One of the guys in the group had access to the Black Rock Forest. It was private property owned by Harvard University and because his father had gone to Harvard, he had a key to the gate that let us onto a dirt road that wound through the forest. A quick Wiki search reveals that it was used for research and although now it appears that it is a little more open to the public, back then it was private property. I recall feeling rather privileged. I was impressed that I knew someone, even secondhand, who went to Harvard. We often snuck in there during the day to wade in the pools and observe the beaver dams.

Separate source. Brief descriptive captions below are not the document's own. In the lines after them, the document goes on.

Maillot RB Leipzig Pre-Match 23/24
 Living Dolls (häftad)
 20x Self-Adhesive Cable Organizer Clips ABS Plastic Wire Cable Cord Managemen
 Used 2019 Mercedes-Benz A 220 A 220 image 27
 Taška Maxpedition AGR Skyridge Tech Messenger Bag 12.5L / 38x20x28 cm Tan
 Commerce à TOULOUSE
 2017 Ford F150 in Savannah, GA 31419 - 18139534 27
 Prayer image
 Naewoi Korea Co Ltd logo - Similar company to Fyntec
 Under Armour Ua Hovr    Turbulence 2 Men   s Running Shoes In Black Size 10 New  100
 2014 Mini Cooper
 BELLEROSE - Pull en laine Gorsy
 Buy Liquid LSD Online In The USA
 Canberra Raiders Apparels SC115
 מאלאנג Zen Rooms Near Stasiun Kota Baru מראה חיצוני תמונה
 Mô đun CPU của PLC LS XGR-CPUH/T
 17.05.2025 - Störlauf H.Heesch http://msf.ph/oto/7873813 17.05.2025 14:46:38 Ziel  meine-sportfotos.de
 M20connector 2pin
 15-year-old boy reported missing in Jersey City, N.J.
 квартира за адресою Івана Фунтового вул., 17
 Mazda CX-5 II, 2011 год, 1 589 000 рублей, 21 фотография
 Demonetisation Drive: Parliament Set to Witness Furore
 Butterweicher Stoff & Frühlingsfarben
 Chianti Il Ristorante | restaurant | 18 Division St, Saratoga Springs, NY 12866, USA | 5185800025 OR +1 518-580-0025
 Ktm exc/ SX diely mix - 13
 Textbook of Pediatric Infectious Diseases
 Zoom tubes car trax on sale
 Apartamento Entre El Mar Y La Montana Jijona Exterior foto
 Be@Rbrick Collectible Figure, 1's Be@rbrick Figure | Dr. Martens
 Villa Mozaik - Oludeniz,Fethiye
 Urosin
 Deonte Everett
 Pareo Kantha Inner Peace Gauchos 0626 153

One dark summer night five or six of us loaded up into a car and headed out for the forest. I was loathe to break the law, still am, but it was exciting to be sneaking into the Forest at night. It was pitch black with only a hint of moon, and at one point E turned off the lights of the car while still driving along the dirt road – I was scared and thrilled and begged him to turn the lights back on.
We arrived at the lake. It was a still, hot night and the lake was an inky glass sheet. I could not have been more frightened and challenged. I wasn’t supposed to be there. They wanted to go swimming. I was sure that the Hudson Valley equivalent of the Loch Ness monster was waiting for me in that black expanse, or that I would be hauled off to jail by powerful people from Harvard who could have me put away for a lifetime.
One by one my friends took off their clothes, then slowly my courage rose and I did the same. The water was not cold, just cool and refreshing. I was afraid to make noise – what if we got busted? Even my feckless friends spoke in whispers, we kept the splashes of our water treading to a minimum, our giggles muffled, lest some unlikely security personnel hear us. I was more concerned at that point that we would awaken the fish and slimy critters that surely lived under the creepy black glass cover.
When I hear that song I am taken back to that magical night, when there seemed to be no consequences to doing something not morally wrong, but against the rules. I see my friends silently slide into the water ahead of me, and then finally, I am there as well. Night swimming.
I love reading your stories.
Thank you. Hope you feel that way when you get included in one lol!